At Tuesday's Oireachtas meetings, Ryan opened up about being cancelled over the non-disclosure of €345,000 made to him by RTE through barter accounts.
The 50-year-old presenter said that his name had been "sullied" by claims RTE had understated his earnings in public documents between 2017 and 2022.
"This is my first rodeo being in the public eye [like this]," he told the Public Accounts Committee.
"I've never seen anything like it. I don't know if any of you've been cancelled before but let me tell you, you don't want to be."
His agent also claimed that the star had "undeservedly" been made the "poster boy" for the scandal.
"My name has been desperately sullied, I think my reputation has been sullied," Tubs said.
"I'm deeply upset. I'm hurt.
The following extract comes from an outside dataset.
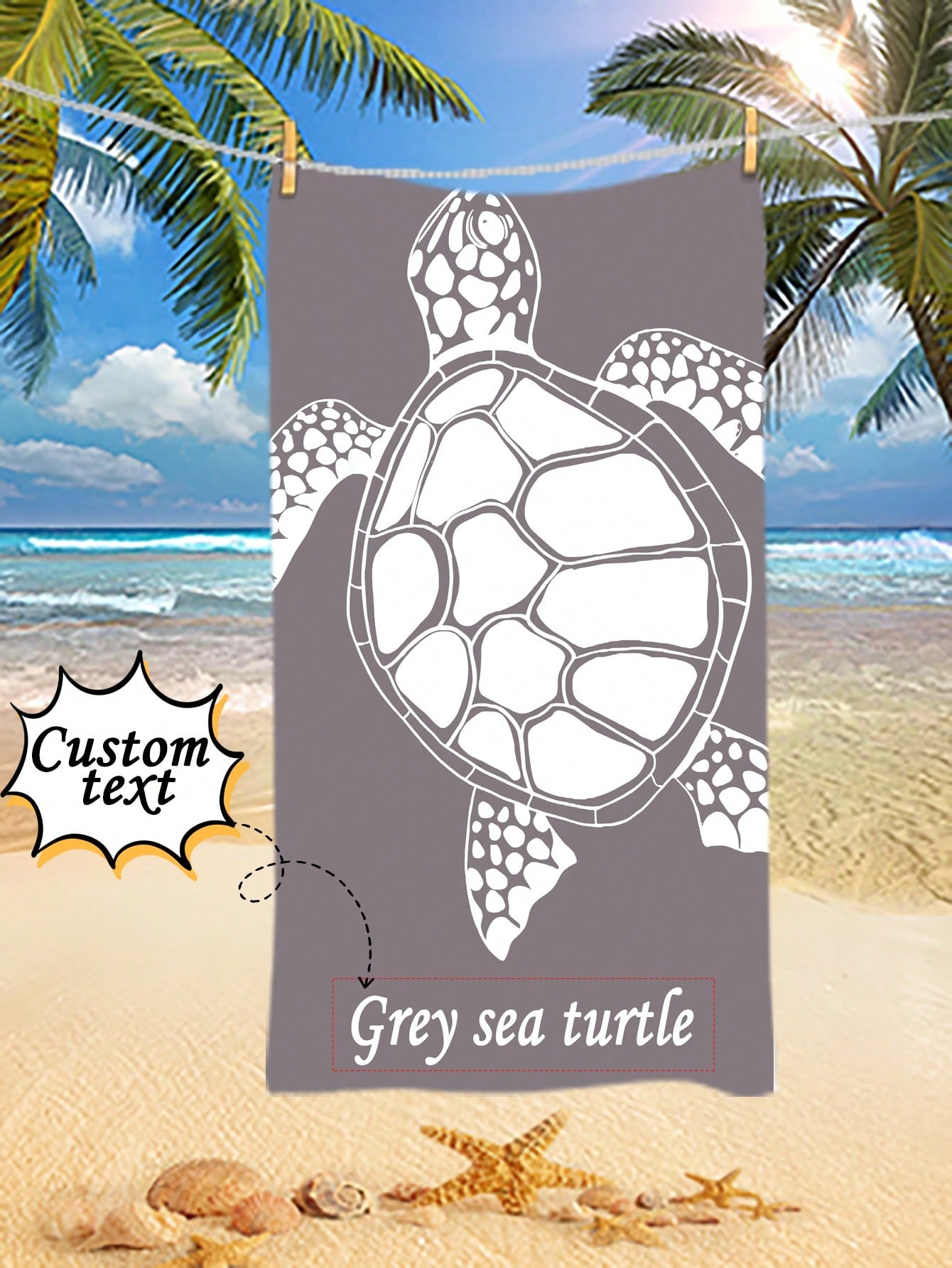 Personalized Sea Turtle Beach Towel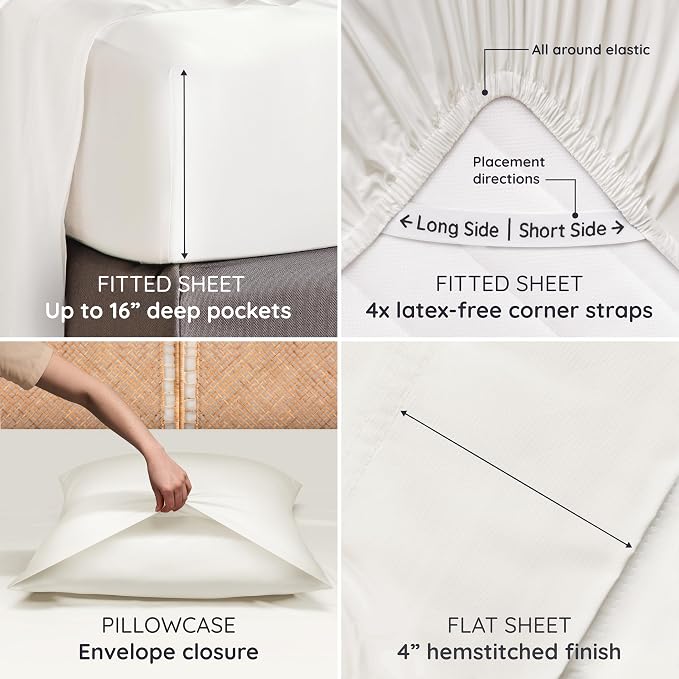 Bambaw 100% Viscose Derived from Bamboo King Size Bed Sheet Set - Image 5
It's hard to leave the house if you really want me to be honest about it."
George was famously cancelled in 2019 from the airwaves after his comments about rape cost him his job at Newstalk.
He expressed his views around the time of a high profile rape trial in Ulster and was later compared to convicted predator Harvey Weinstein by one media outlet.
A defiant George previously said earlier this year: “I had, and it cost me my job, certain views that when we send our girls out we have a responsibility to tell them that if they have 10 vodkas they’re not in a good position to defend themselves against predatory males.
“And that was viewed that I was sort of supporting a rape culture.”
Asked if he learned anything from the debacle or recanted any of what he said he replies: “No, I didn’t do anything. I just became a retired broadcaster.”